The Wisconsin redistricting case, Gill v. Whitford, hinged on the utility of a new measure of partisan fairness called the “efficiency gap.” It was created by Nicholas Stephanopoulos and Eric McGhee as a way to measure and compare the number of “wasted votes” cast for each political party in state legislative or congressional elections. The efficiency gap has many merits. It is simple, easy to explain and understand and easily applied to election results. It also does not get to the heart of the problem of gerrymandering.
The Court pointed out that the efficiency gap is an aggregate measure. It fails, therefore, to take into account the conditions in particular legislative districts. In some cases, votes may be wasted because voters are indeed “packed” into districts where they comprise an overwhelming majority. In others, they may be cracked among several districts so that they can never elect a candidate of their choice. Both of these practices were employed at the expense of minority voters during one of its darker periods of racial discrimination.
But, partisan votes are different. In some cases, it may appear that votes are wasted because an incumbent is so popular that she scares off any partisan opposition. Alternatively, it may be the case that a party organization is so decrepit that it cannot field a viable opposition candidate. In some cases, it is simply not possible to draw a competitive district where votes are not wasted. In Virginia, for example, it is almost impossible to draw a majority-minority district that comports with the Voting Rights Act and that is competitive. Simply put, there is little to be gained in running a Republican candidate in a district that is designed to ensure that a minority candidate (who is also most likely to be a Democrat) is elected. As a result, the notion of “wasted votes” really is not helpful in the analysis of gerrymandering because one person’s wasted vote is another’s endorsement of a popular candidate.
Furthermore, the efficiency gap tells us little about the motivations that inform those who draw district lines. A legislative district map that meets all notions of aesthetics can have the same efficiency gap measure as a map that looks like a Rorschach test. Simply aggregating votes across a state does not tell us whether and how the organization of the electorate contributes to or against an unfair electoral system.
In the end, the Supreme Court has told lawyers and academics to do their homework better. Statewide measures of vote counts are simplistic and ignore important details about how voters vote. We are not a bunch of ciphers that enter the polls on Election Day and automatically pull the Democratic or Republican lever. We think about who the candidates are and how candidates that bear the same party label can differ radically in their positions on the issues. Accordingly, a vote may be in favor of one candidate or against another. It is therefore nonsensical to compare partisan votes cast in one legislative district to those cast in another.
In challenging lawyers and political scientists to undertake much more extensive analysis of how voters vote in our electoral system, the Court also invited them to prove that gerrymandering punishes voters because of their “association” (through casting a vote) with one party or the other. But, in our electoral system where we divided voters among districts in which they can choose among a limited slate of candidates, this will be an impossible task. One’s “association” with a party will depend on who the party’s candidate is—and vice versa. So long as we continue to use the antiquated single-member district system of elections, it will be impossible to tell whether a partisan vote is for or against a party or a candidate because we force voters to choose artificially between limited Election Day options.

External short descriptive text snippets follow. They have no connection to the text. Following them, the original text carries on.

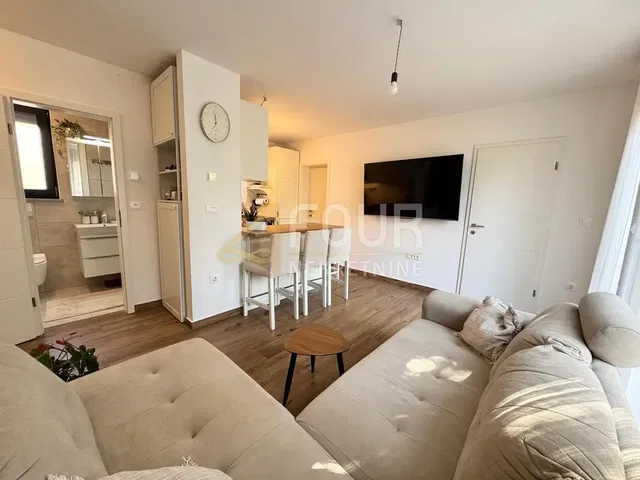 Salon; lumière naturelle, style moderne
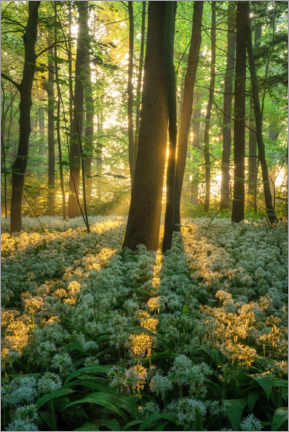 Plakat Wild garlic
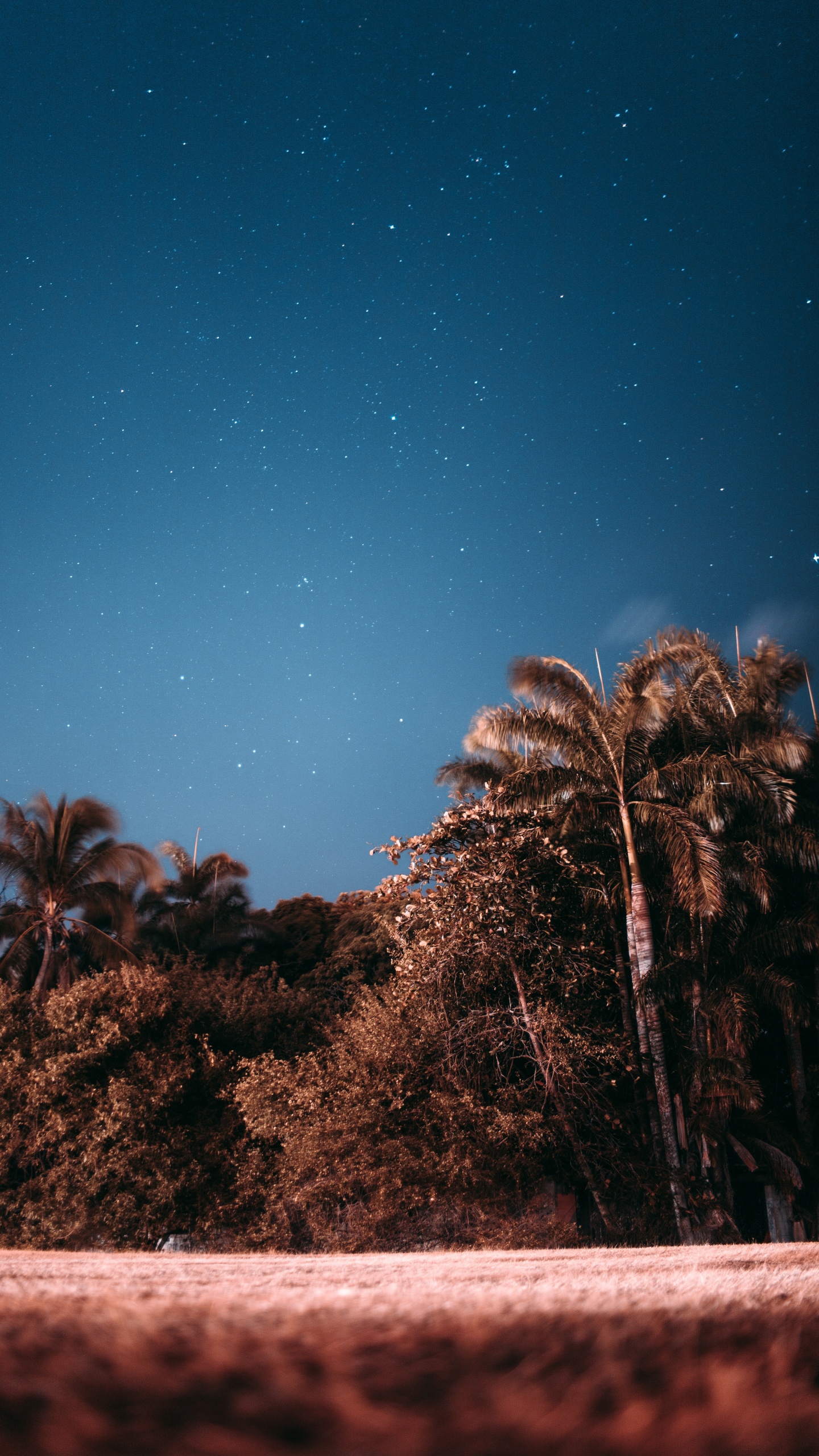 Nuit, Objet Astronomique, Atmosphère, Arecales, L'atmosphère de la Terre. Wallpaper in 1440x2560 Resolution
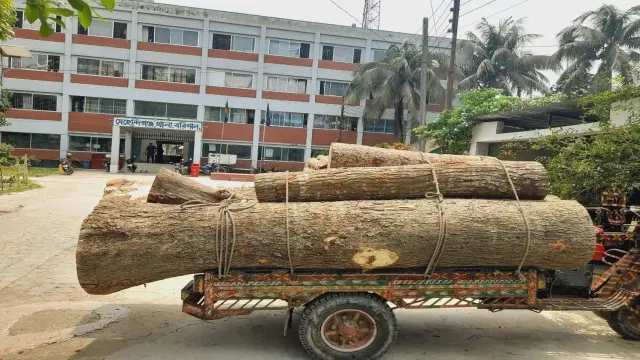 মেহেন্দিগঞ্জে খাজনার টাকা না দেওয়ায় গাছ সহ ২টি গাড়ি আটক।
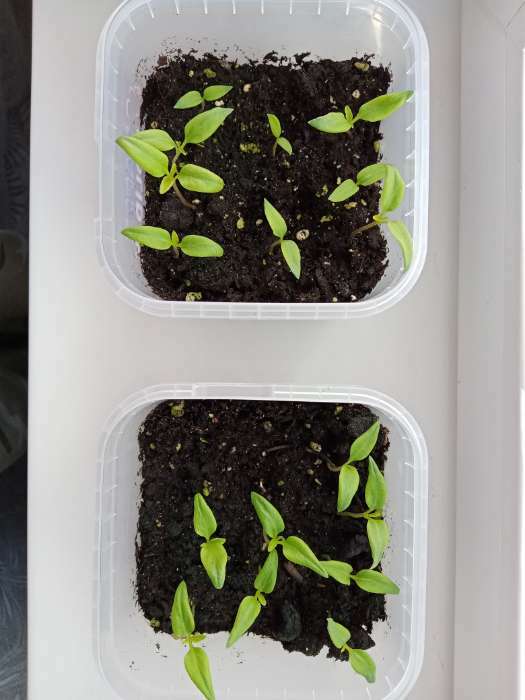 Фотография покупателя товара Семена Перец сладкий "Сиреневый Блеск", 0,1 г - Фото 9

If we really want to stop—or at least curtail—gerrymandering, we should use the Court’s decision to enact meaningful electoral reform. A switch to ranked choice voting (as Maine used in its recent election) will give voters much more meaningful choices on Election Day and handcuff those who would look to gerrymander the electoral system. The Court has invited Americans to improve the electoral choices. Will we accept and put an end to gerrymandering?
I wrote this for my Huffington Post site here.
In short, I believe we have reached the point where it is clear that our current system of elections is arguably unconstitutional. It would take a tremendous effort to take a successful constitutional challenge to the Supreme Court. But, the Court itself has planted the seeds for such a challenge throughout its case law.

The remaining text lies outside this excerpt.